**What this task involves:** Return exactly the lines that run from the one containing "NISSAN LATIO 2007" to the end of the entries, with both ends included.

Brief descriptive captions:
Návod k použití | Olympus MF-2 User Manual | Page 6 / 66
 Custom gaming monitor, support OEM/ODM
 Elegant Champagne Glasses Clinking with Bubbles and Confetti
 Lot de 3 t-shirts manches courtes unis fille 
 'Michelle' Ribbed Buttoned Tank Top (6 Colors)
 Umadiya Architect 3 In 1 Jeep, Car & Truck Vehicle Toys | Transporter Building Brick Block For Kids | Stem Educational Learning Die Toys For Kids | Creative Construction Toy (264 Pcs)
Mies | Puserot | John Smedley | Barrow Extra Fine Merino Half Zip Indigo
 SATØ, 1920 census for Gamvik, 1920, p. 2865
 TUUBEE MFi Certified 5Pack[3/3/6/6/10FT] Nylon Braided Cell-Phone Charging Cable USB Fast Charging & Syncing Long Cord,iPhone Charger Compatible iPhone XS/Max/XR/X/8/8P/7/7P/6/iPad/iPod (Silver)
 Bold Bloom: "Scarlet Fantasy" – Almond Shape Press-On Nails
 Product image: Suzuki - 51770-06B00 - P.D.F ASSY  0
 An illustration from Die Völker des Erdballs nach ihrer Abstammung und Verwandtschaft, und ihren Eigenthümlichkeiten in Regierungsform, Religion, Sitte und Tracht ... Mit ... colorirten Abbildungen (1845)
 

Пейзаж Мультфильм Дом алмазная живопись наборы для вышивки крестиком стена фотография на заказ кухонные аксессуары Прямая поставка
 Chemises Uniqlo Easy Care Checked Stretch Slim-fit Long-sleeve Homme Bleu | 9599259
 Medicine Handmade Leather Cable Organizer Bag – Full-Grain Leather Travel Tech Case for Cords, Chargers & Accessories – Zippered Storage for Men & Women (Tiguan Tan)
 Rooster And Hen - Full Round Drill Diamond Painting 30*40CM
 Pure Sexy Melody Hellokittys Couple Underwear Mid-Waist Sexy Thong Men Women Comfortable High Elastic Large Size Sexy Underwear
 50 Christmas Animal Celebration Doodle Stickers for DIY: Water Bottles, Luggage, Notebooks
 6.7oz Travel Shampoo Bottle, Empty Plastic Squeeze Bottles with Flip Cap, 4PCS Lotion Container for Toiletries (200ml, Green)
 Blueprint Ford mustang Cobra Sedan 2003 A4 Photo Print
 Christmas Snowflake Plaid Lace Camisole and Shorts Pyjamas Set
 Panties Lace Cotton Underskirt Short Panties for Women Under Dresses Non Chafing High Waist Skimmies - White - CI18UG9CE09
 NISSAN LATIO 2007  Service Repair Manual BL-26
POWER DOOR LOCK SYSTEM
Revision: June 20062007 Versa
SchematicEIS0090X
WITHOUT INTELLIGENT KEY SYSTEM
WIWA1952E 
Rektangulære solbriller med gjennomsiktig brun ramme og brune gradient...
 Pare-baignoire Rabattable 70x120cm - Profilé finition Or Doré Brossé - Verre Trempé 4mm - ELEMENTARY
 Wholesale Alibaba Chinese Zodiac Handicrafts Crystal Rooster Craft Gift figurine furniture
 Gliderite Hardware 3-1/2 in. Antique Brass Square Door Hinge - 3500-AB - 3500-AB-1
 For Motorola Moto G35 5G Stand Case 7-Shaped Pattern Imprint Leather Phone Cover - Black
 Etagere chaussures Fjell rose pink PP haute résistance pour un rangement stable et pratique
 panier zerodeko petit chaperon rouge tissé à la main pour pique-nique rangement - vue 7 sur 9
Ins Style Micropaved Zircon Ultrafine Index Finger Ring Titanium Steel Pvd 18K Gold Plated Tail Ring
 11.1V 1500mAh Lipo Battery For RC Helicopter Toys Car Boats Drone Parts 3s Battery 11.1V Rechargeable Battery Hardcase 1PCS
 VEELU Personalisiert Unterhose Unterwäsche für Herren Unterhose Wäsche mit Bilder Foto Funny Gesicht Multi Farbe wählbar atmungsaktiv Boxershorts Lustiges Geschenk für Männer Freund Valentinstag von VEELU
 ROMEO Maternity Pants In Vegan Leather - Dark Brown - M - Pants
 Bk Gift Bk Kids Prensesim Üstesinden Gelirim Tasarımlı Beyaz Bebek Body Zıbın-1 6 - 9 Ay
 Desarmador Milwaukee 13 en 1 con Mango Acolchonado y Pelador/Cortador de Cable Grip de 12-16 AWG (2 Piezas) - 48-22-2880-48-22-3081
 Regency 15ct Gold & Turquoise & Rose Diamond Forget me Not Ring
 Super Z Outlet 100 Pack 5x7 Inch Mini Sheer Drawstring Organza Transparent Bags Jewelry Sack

**Task answer:**
 NISSAN LATIO 2007  Service Repair Manual BL-26
POWER DOOR LOCK SYSTEM
Revision: June 20062007 Versa
SchematicEIS0090X
WITHOUT INTELLIGENT KEY SYSTEM
WIWA1952E 
Rektangulære solbriller med gjennomsiktig brun ramme og brune gradient...
 Pare-baignoire Rabattable 70x120cm - Profilé finition Or Doré Brossé - Verre Trempé 4mm - ELEMENTARY
 Wholesale Alibaba Chinese Zodiac Handicrafts Crystal Rooster Craft Gift figurine furniture
 Gliderite Hardware 3-1/2 in. Antique Brass Square Door Hinge - 3500-AB - 3500-AB-1
 For Motorola Moto G35 5G Stand Case 7-Shaped Pattern Imprint Leather Phone Cover - Black
 Etagere chaussures Fjell rose pink PP haute résistance pour un rangement stable et pratique
 panier zerodeko petit chaperon rouge tissé à la main pour pique-nique rangement - vue 7 sur 9
Ins Style Micropaved Zircon Ultrafine Index Finger Ring Titanium Steel Pvd 18K Gold Plated Tail Ring
 11.1V 1500mAh Lipo Battery For RC Helicopter Toys Car Boats Drone Parts 3s Battery 11.1V Rechargeable Battery Hardcase 1PCS
 VEELU Personalisiert Unterhose Unterwäsche für Herren Unterhose Wäsche mit Bilder Foto Funny Gesicht Multi Farbe wählbar atmungsaktiv Boxershorts Lustiges Geschenk für Männer Freund Valentinstag von VEELU
 ROMEO Maternity Pants In Vegan Leather - Dark Brown - M - Pants
 Bk Gift Bk Kids Prensesim Üstesinden Gelirim Tasarımlı Beyaz Bebek Body Zıbın-1 6 - 9 Ay
 Desarmador Milwaukee 13 en 1 con Mango Acolchonado y Pelador/Cortador de Cable Grip de 12-16 AWG (2 Piezas) - 48-22-2880-48-22-3081
 Regency 15ct Gold & Turquoise & Rose Diamond Forget me Not Ring
 Super Z Outlet 100 Pack 5x7 Inch Mini Sheer Drawstring Organza Transparent Bags Jewelry Sack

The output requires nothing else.